El primer capítulo de la historia del Daiquirí, sabroso y sensual cóctel, fue escrito en medio del mágico encuentro de dos mundos diferentes, en 1493, cuando los embajadores del placer intercambiaron la transparencia de las volutas del tabaco por el ardiente dulce de la caña de azúcar y por supuesto, su hijo predilecto, el ron, el verdadero ciclón del Caribe.

La gente de Cuba es entrañable, los buenos amigos se encargaron de que mi estadía, con fines académicos, fuera realmente inolvidable.

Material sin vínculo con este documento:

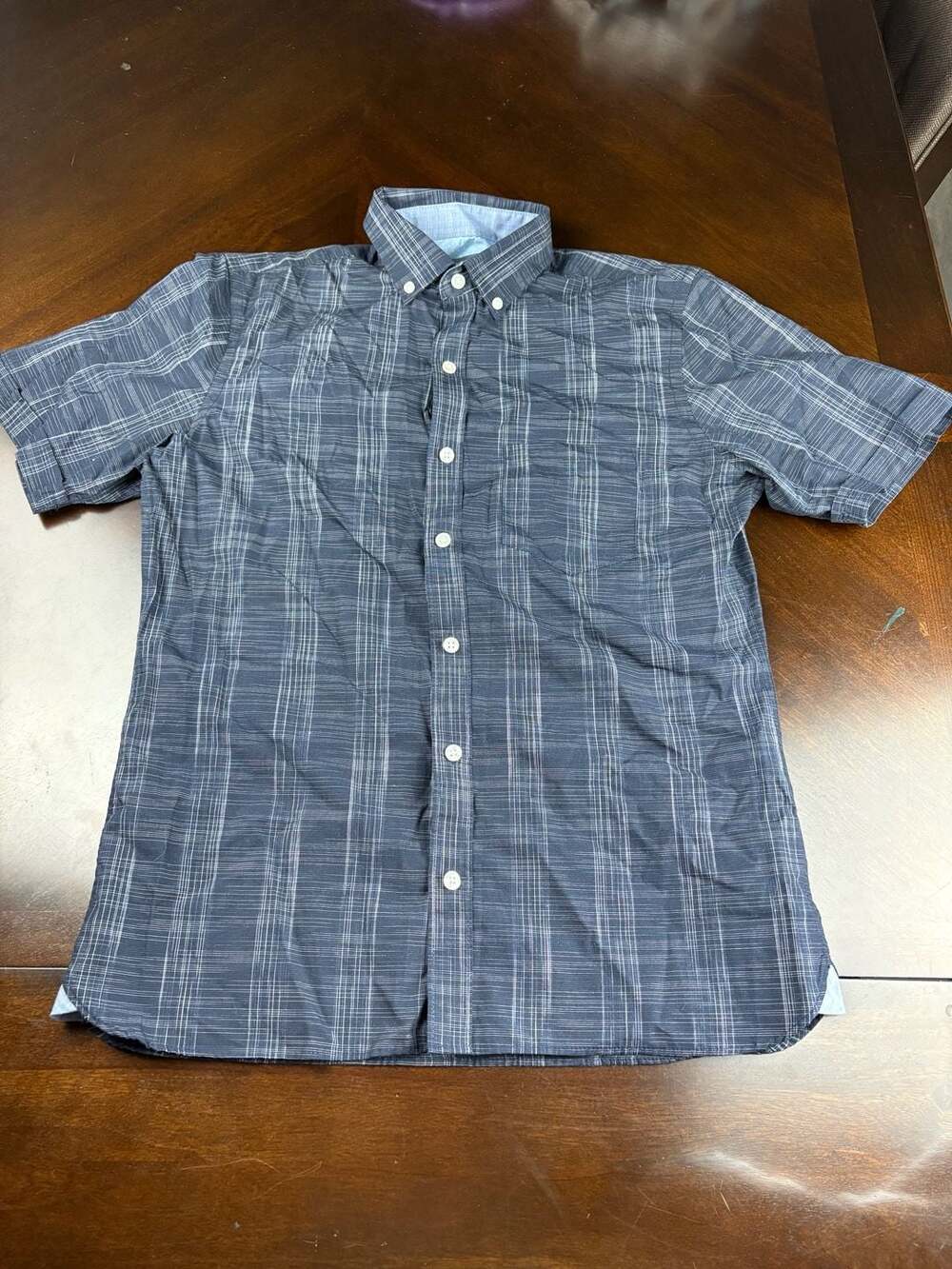 Van Heusen Never Tuck Men’s S/P Blue Plaid Short Sleeve Button Down Shirt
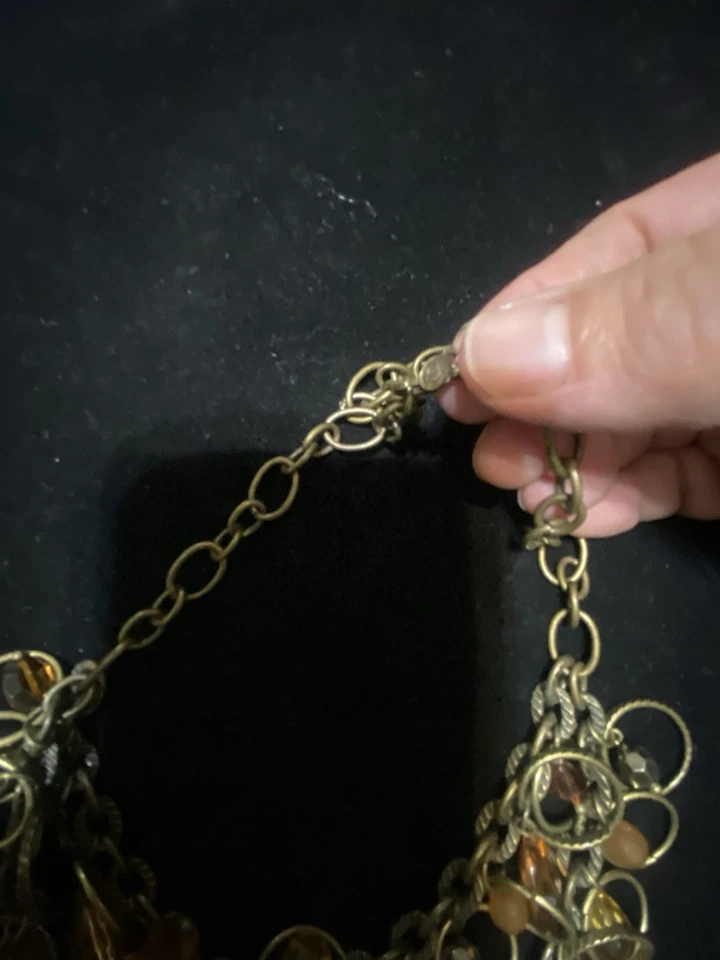 Collar MARCA PREMIER DESIGNS 2 Hilos Círculos y Color Ámbar y Dorado "Joyas" Foto 4 de 4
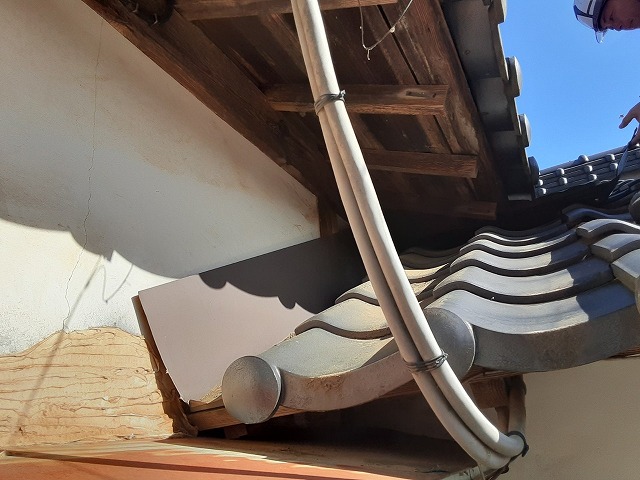 壁際の屋根の施工不備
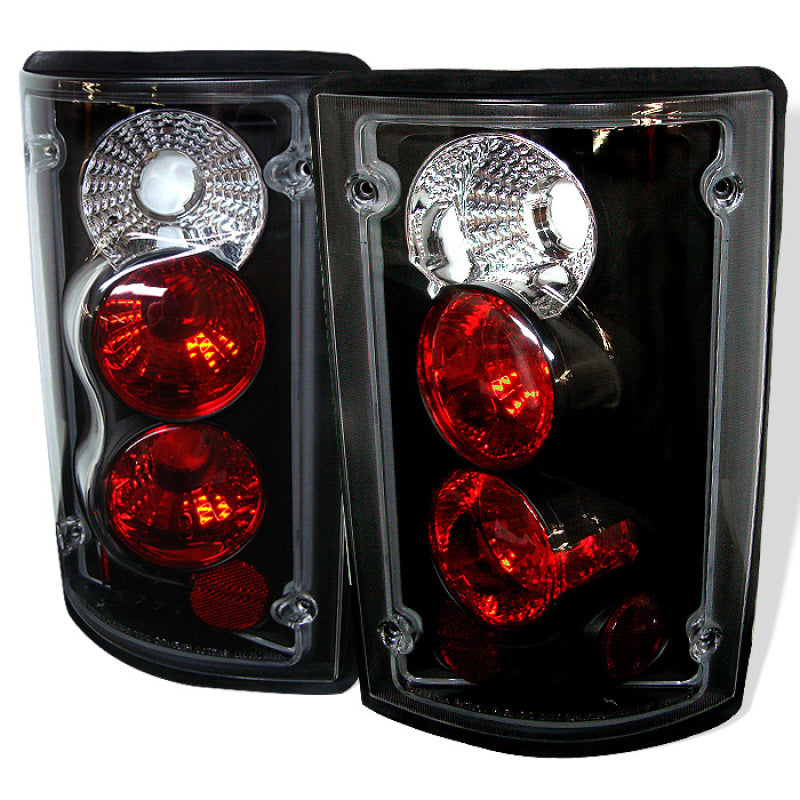 SPYDER 5002914 - Spyder Ford Excursion 00-06/Econoline 150/250/350/450/550 95-06 Euro Tail Lights Blk ALT-YD-FEC00-BK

Recorrimos literalmente de palma a palma “La Habana Vieja”, y a través de sabios relatos pude transportarme a finales del siglo XVIII, en pleno barrio de Monserrate, al lugar del más famoso bebedero de todo el Caribe: “La Piña de Plata”. Dos arcos de sillar nos señalaban uno la calle del Obispo y el otro a la calle O’Reilly, en medio una hermosa plaza donde se lucía con sus puertas abiertas, en clara señal de amistad, este famoso lugar, ofreciendo a los sedientos jugos, infusiones y un incomparable trago del ardiente ron.

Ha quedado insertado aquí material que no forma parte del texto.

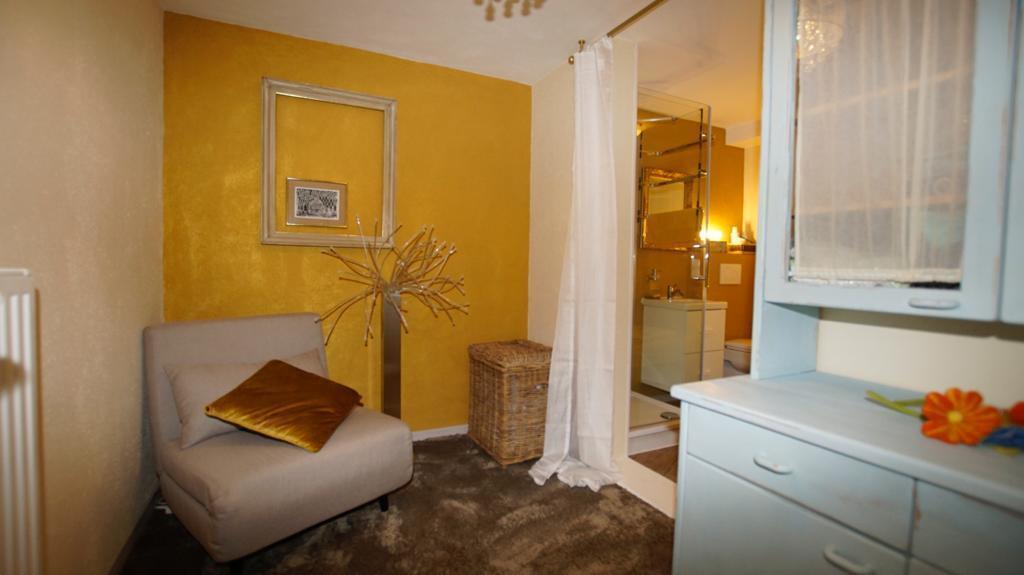 Guestroom 3 with small complete bathroom, double and singlebed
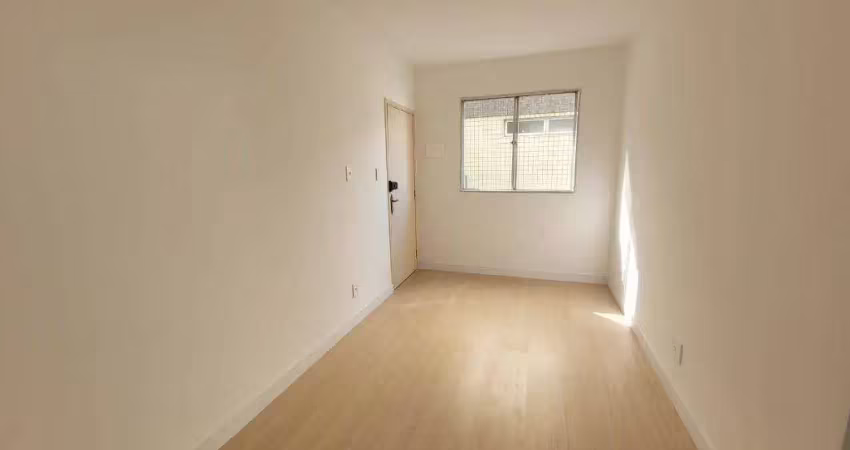 Apartamento com 2 quartos na vila guilhermina em praia grande/sp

Con el paso de los años, en 1771, vino la época del hielo. Don Francisco de Arango y Parreño presentó una solicitud para traer a esta bella ciudad la maravilla del frío, “para que los habaneros puedan gozar cabalmente del clamoroso estío”. El señor Gobernador, Marqués de Someruelos, aprobó la iniciativa. Primero se lo importó desde Veracruz y Boston, pero en 1805, el “rey del hielo”, el gringo Tudor, obtuvo el monopolio de su fabricación en Cuba. Los alegres bebedores de ron comenzaron a probar las alternativas con el nuevo y frío elemento, compitiendo con sorbetes, nieve endulzada y helados. La Piña de Plata estaba en todo su esplendor.

A mediados del siglo XIX, en pleno Paseo del Prado, reinaba Cecilia Valdés, otro mito trascendente, una sensacional mulata con cuerpo de guitarra que fue símbolo en el proceso de abolición de la esclavitud. Me explicaron que su memoria romántica y ardiente se conserva intacta en la formula del Daiquirí.

Estaba naciendo la “cubanía”, con sus acentos de piel morena, criolla, sonora, con ritmo, sandunga y tumbao, en medio de un multicolor abanico de frutas tropicales, canistel, anón, mamey, hicaco, guanábana, guayaba, piña, que hicieron la delicia de la naciente heladería. Cerca, expectante y atento, el ron estaba dispuesto a mezclarse en horchatas, batidos y refrescos para crear una gran variedad de exóticas bebidas.

En el año 1896, en Daiquirí, un paraje del oriente cubano, trabajaba un joven ingeniero americano llamado Jennings Cox, que en sus horas libres mezclaba todo tipo de ingredientes con el ron, buscando una formula especial para su gusto. Hasta que dio en el clavo con la simpleza del jugo de limón, azúcar, hielo triturado y bastante ron. Finalizó sus ensayos, había encontrado el rum sour ideal.

Un ingeniero minero de origen italiano, Giacomo Pagliuchi, entonces capitán del ejército libertador, se encargó de bautizar este cóctel como “Daiquirí” y llevarlo como un preciado elemento de su valija a la ciudad capital.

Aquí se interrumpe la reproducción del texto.